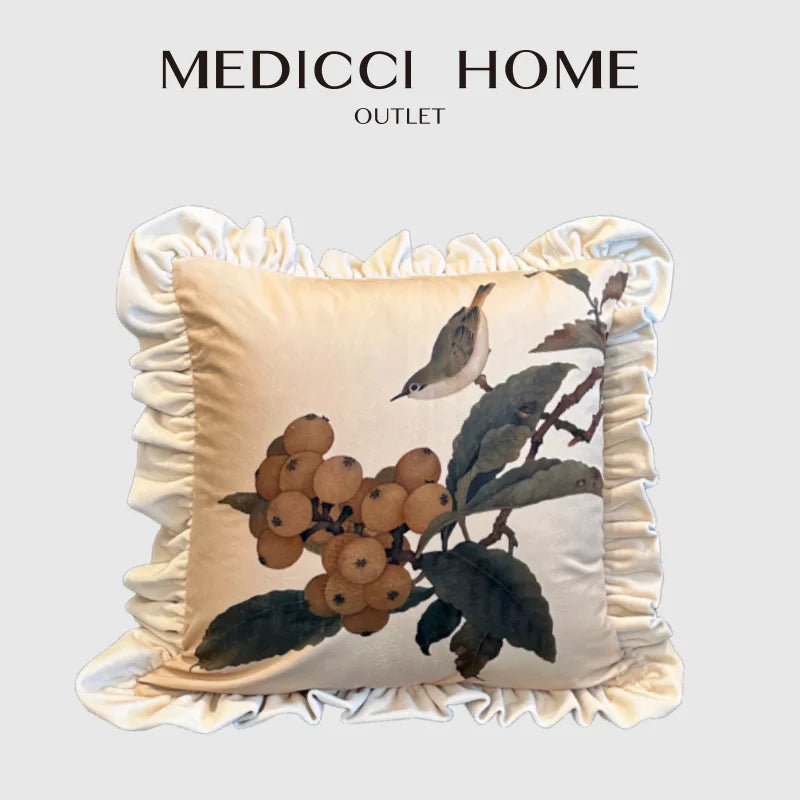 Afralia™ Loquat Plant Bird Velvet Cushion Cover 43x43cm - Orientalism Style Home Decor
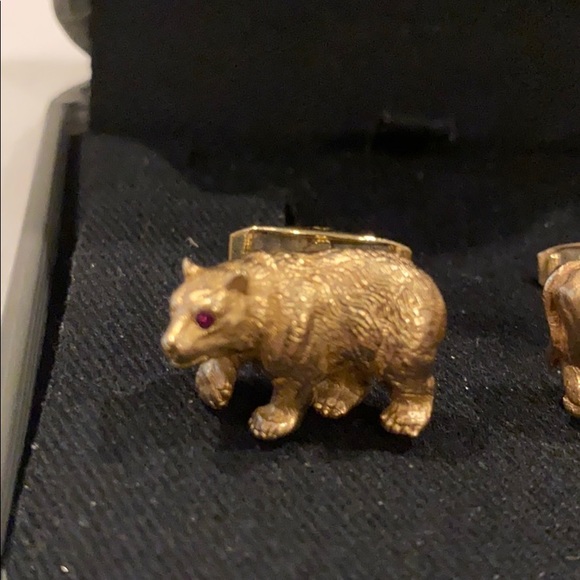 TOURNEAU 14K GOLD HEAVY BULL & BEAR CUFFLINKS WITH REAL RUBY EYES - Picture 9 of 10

────────

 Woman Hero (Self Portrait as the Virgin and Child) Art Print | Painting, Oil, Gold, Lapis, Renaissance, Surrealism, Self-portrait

────────

**REQUIRED WORK:** Although the records above contain pictures, the copy must not; set down exactly the lines from the one with "Afralia™ Loquat Plant" up to and including the one with "TOURNEAU 14K GOLD".

**ANSWER SPACE:**
 Afralia™ Loquat Plant Bird Velvet Cushion Cover 43x43cm - Orientalism Style Home Decor
 TOURNEAU 14K GOLD HEAVY BULL & BEAR CUFFLINKS WITH REAL RUBY EYES - Picture 9 of 10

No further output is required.